Skip the pictures. Return exactly the lines from the one containing "LOVED our hike" through the end of the entries below.

■ Data records:
*** Begin section ***

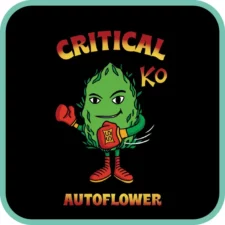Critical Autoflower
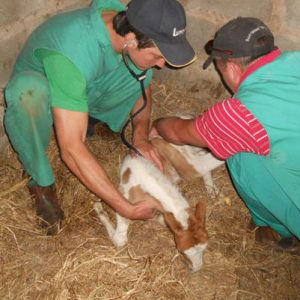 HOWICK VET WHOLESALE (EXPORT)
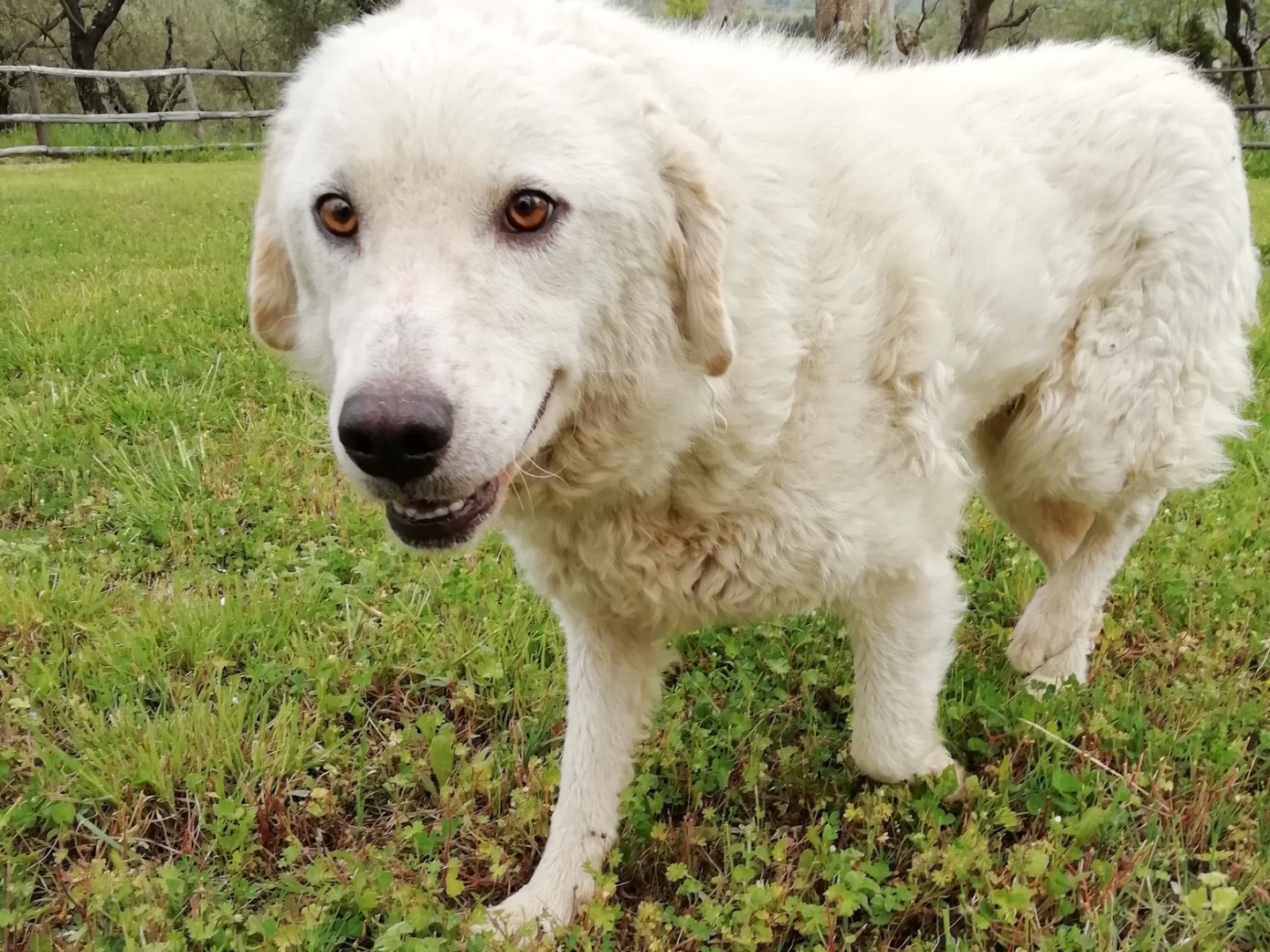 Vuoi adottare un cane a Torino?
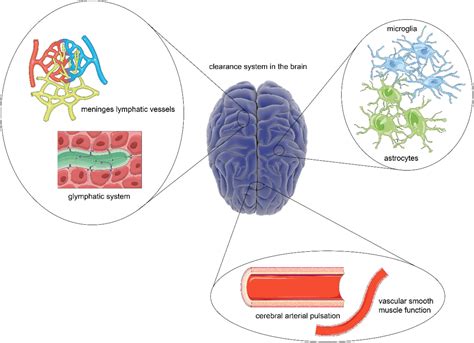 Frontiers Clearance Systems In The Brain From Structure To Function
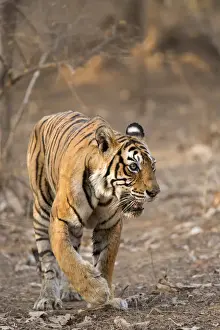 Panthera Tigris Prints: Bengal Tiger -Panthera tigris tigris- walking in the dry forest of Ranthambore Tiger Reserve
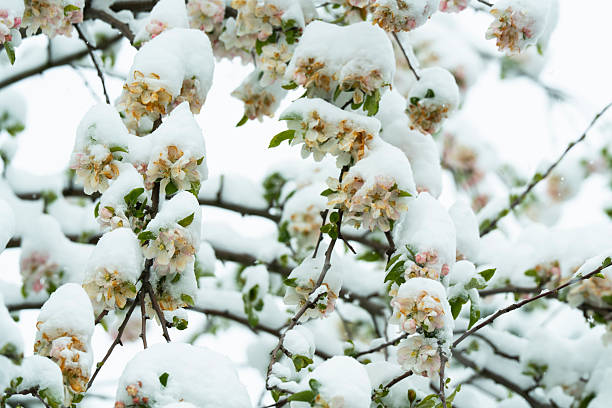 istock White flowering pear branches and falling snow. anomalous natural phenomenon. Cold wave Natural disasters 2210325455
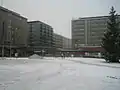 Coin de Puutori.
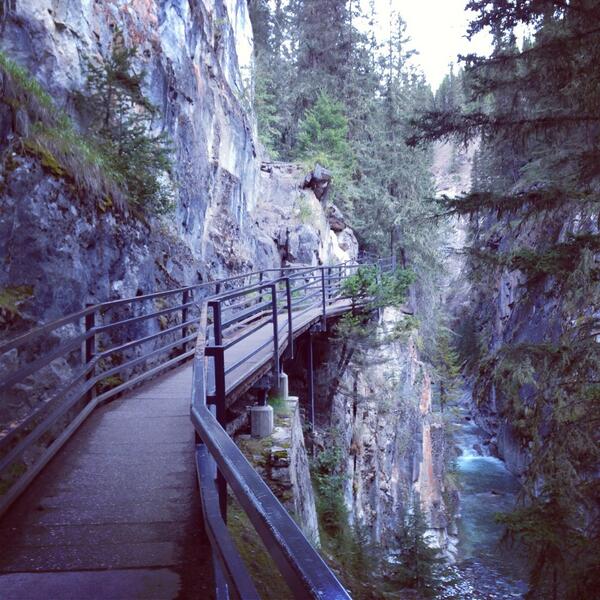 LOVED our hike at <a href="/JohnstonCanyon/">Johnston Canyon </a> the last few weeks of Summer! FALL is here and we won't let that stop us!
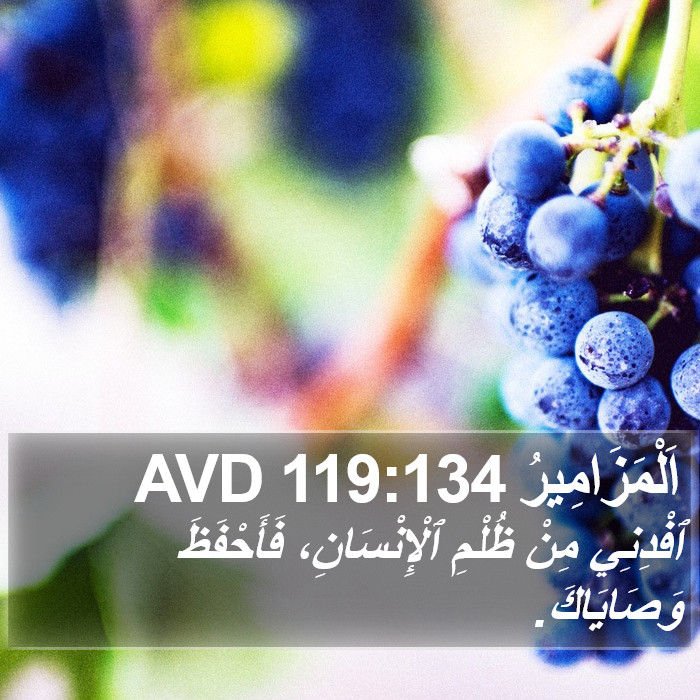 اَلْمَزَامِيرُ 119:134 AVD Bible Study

*** End section ***

■ Solution to the problem:
 LOVED our hike at <a href="/JohnstonCanyon/">Johnston Canyon </a> the last few weeks of Summer! FALL is here and we won't let that stop us!
 اَلْمَزَامِيرُ 119:134 AVD Bible Study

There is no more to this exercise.